ただ板谷さんの方が真木さんよりもリーダーっぽくは見えるのでこれはこれでアリだったのかなとは思いますね。
サブタイの「強い気持ち・強い愛」って何?
90年代を代表するアーティスト、オザケンこと小沢健二の楽曲のタイトルから由来。正直私は全くこの曲の存じ上げませんでした。
作品中でもTRFや安室ちゃんばかりが注目が集まるので敢えて小沢健二にして気を引こうという感じで当て馬感あるけどエエんか・・・と思いながら観てました。
ただ正直「SUNNY~SWEET 19 BLUES~」「SUNNY~これが私たちの生きる道~」とかの方が楽曲の知名度、作品的には内容が分かりやすかったんじゃないかな~とも。(タイトルセンス皆無や・・・)
この作品の見どころは。
キャストの個性が一人ひとり輝いている。
現代パートのキャストは篠原涼子、小池栄子、渡辺直美、ともさかりえ、板谷由夏と濃いメンツ揃い。加えてリリー・フランキーという個性の強いキャラもいるため一人ひとりが輝いていて活躍しているといっても過言ではなかろう。
一方の学生パートも負けてはいない。知名度では申し分ない広瀬すずはもちろんのこと、渡辺直美の学生時代を演じた富田望生もその一人である。私はスポ根映画好きもあって「チア☆ダン」「あさひなぐ」より富田さんの存在は知っていましたが、インパクトは作品中では群を抜いているといっても過言ではないです。今回も見事に高校パートでは一人ずば抜けて印象に残りやすい良いキャラでした。
板谷由夏の学生時代を演じた山本舞香も相当インパクトを残していました。清純派かなーと思っていたのですが、意外とヤンキーっぽさも隠しておらずあのマツコさんも将来大物になるとか言われてましたかね。山本さんは映画「恋は雨上がりのように」でも後半からちょろっと出るシーンでしたが主演の小松菜さんを食う勢いで圧倒していました。
また小池栄子、ともさかりえの学生時代を演じた野田さん、田辺さんに関しても他に比べるとインパクトは少々劣るものの雰囲気が残っている良いキャストの選ばれ方だったと思います。
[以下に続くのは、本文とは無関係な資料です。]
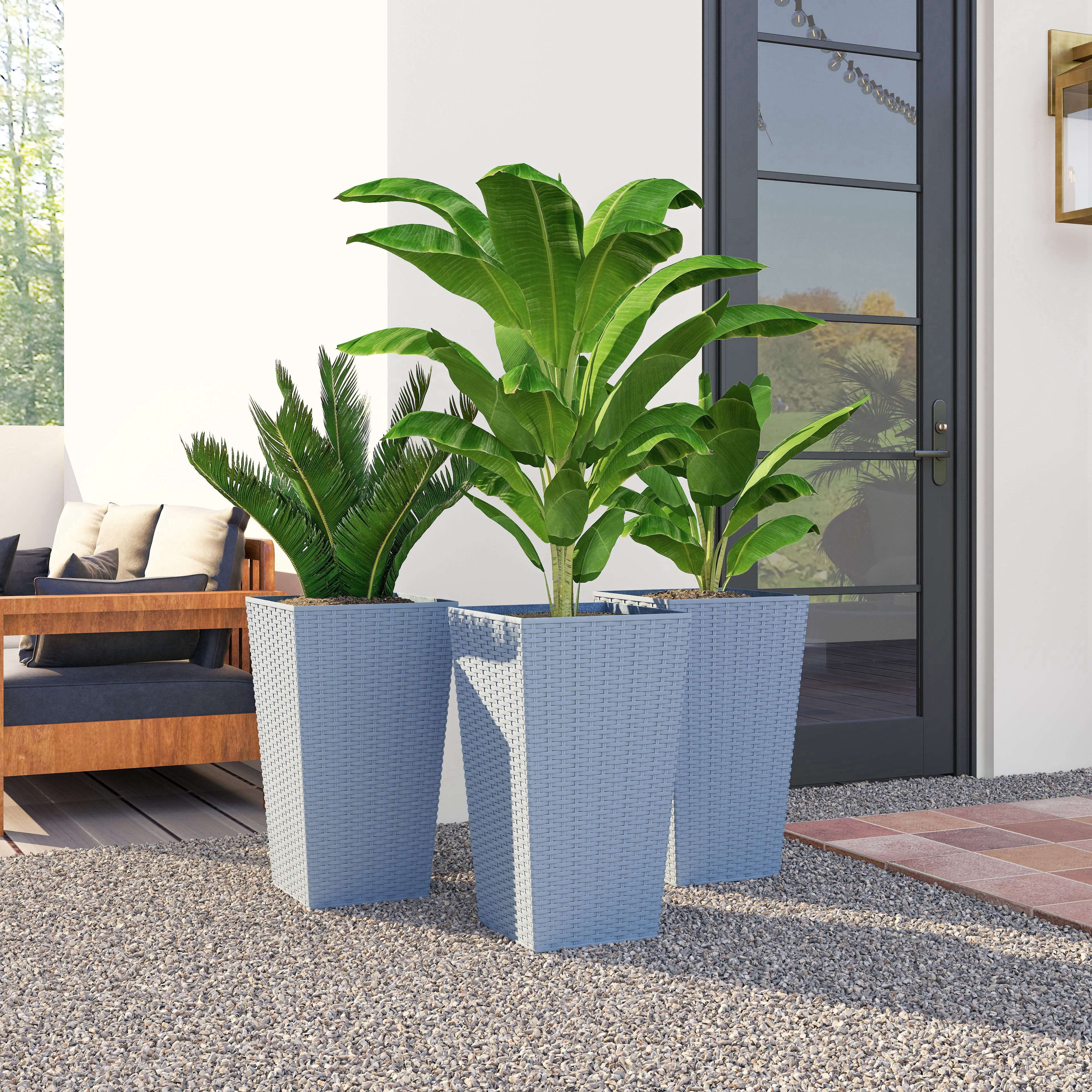 Tall Planters for Outdoor Plants Set of 3, 24 In Taper Planters with Drainage Holes, Rattan Decor Plant Pots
そして最後に池田エライザ。「となりの怪物くん」でも唯一の花形として活躍?(違うか)していましたがやっぱスタイルの良さは私も羨ましいですなー。今作の役としてはモデルとして将来有望というのも文句ナシ。
また学生時代に登場した三浦春馬もイケメン枠で良い味を出しておりました。実写版「進撃の巨人」以降全く映画に出てこなかったので大丈夫かな?と心配にもなりましたがここのところ「銀魂2」の伊藤先生とはまた一味違うロン毛姿で性格的にもイケてる男というハマり役。最近は当たり役も多くて何よりですね。
また公式サイトではあまり紹介されていませんが、奈美の母にはキムラ緑子さんが演じる。まさか「銀魂2」「検察側の罪人」「SUNNY 強い気持ち・強い愛」と3連続でお目にかかるとは思ってもいませんでした。母役ということでは「祈りの幕が下りる時」以来の役柄ですが相変わらずちょっとヤバい母親を演じるのも上手く流石です。
現代パートで奈美の娘には最近だとauのCM「意識高すぎ髙杉くん」のじゃない方、ドラマ「この世界の片隅に」で主演を務める松本穂香さん。
ちょっと違う気もするけど概ね90年代後半を再現した作品。
個人的評価:★★★★☆(3.8/5.0点)
ちょっとオーバーな部分や違う気がする?ような部分もありますが、「ポケベル」「テレクラ」「ルーズソックス」などと90年代を象徴するようなフレーズや時代背景も描いたネタもただただ懐かしいなー・・・と浸りつつも、笑いどころあり泣き所ありの作品です。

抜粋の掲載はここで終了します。